When there is a question about a transcript or a specific course, prospective student-athletes’ credentials can be turned over to the prospective student-athlete (PSA) review team at the NCAA national office. Some triggers of the PSA review process include a large number of nontraditional courses taken after the sixth semester, a rapid increase in grade-point average, attending multiple high schools and test score abnormalities.
“We try to look at records holistically, not just at the one or two triggers that got the case to us,” said Steve Clar, associate director of academic and membership affairs. Once a case is identified for PSA review, the AMA staff works with compliance and academic support staffs to review transcripts and communicate with the high schools, which are under no obligation to cooperate.
Once the PSA review staff has all the information, they validate or invalidate the portion of the academic record at issue. Those decisions can be appealed to the NCAA Student Records Review Committee (a membership group), with the institution taking part in the appeal.
If the coursework is validated, the staff notifies the institution and the NCAA Eligibility Center updates the prospective student-athlete’s file within 24 to 48 hours. If it is invalidated, the member institution generally begins the initial-eligibility waiver process, which can result in decisions for a full or partial waiver (for financial aid and practice or financial aid only) or a denial.
The decisions can be appealed in both divisions.
The academic certification process at the NCAA Eligibility Center has improved every year, Johnson said, with the staff becoming more familiar with the different ways transcripts present themselves and making high-quality decisions in a shorter time.
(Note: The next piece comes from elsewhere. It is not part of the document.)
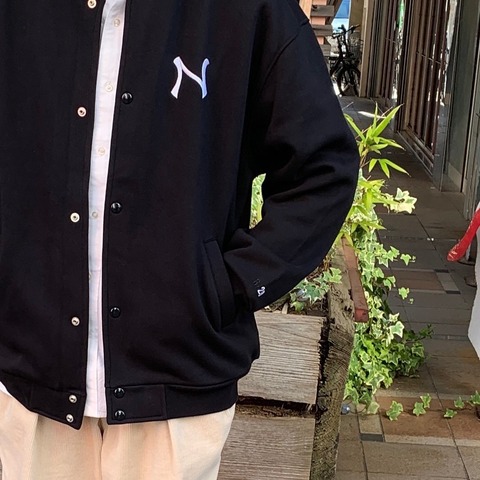 【HARLEM BLUES】N LOGO SWEAT STUDIUM JACKET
The staff was reorganized to improve workflow management. The improvements have also created a system that handles special requests from the membership, with priorities even within that subset of cases.
Overall, the goal is to get everybody in the system certified by the end of July, although sometimes that’s not possible because a prospective student athlete’s file is incomplete. And if prospective student-athletes are not on an Institutional Request List, they are not considered a high priority because no one in the membership is actively recruiting that person.
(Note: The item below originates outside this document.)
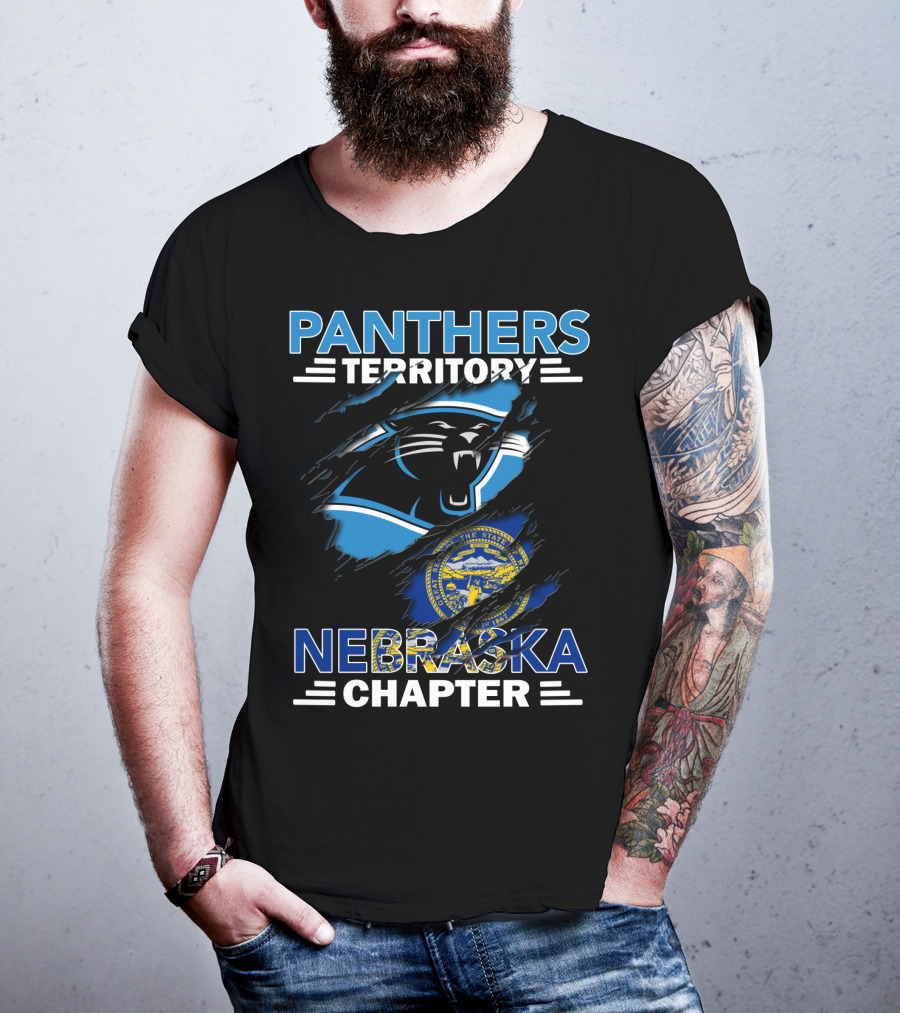 Panthers Territory Nebraska Chapter State Seal And Panther T-Shirt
“Looking at academic certification from a customer-service perspective, our goal is to think of what the membership needs before they need it,” Johnson said. “But, we still get feedback from the membership, and it is a top priority to listen to and address their concerns.”
To that end, the membership in 2007 created the early academic-qualifier program. That program allows the NCAA Eligibility Center to offer preliminary academic certifications to prospective student-athletes who meet specific academic standards – higher than those for simple academic qualification – after junior year.
But even for those who don’t meet the early qualifier standard, Johnson encouraged early registration. Generally, by the time prospective student-athletes register after their junior year, it could be too late to guide them into necessary core courses or improve a lagging grade-point average.
“It would be great if prospective student-athletes registered with the NCAA Eligibility Center as early as the start of Grade 9 and thus in the system as freshmen, sophomores and juniors. They could read what they need to know, educate themselves on the standards, understand the requirements and know what courses they need to take,” Johnson said. “They could actively engage their parents and high school guidance counselors with the NCAA initial-eligibility process.”
The NCAA Eligibility Center staff is dedicated to educating itself, too. Mills said conditions change in secondary education almost daily, especially with leadership changes, funding cuts and increased federal standards. Something that met NCAA legislation for core courses one year might need to be re-examined the next.
“The NCAA as a whole is committed to the academic success of the student-athletes,” she said.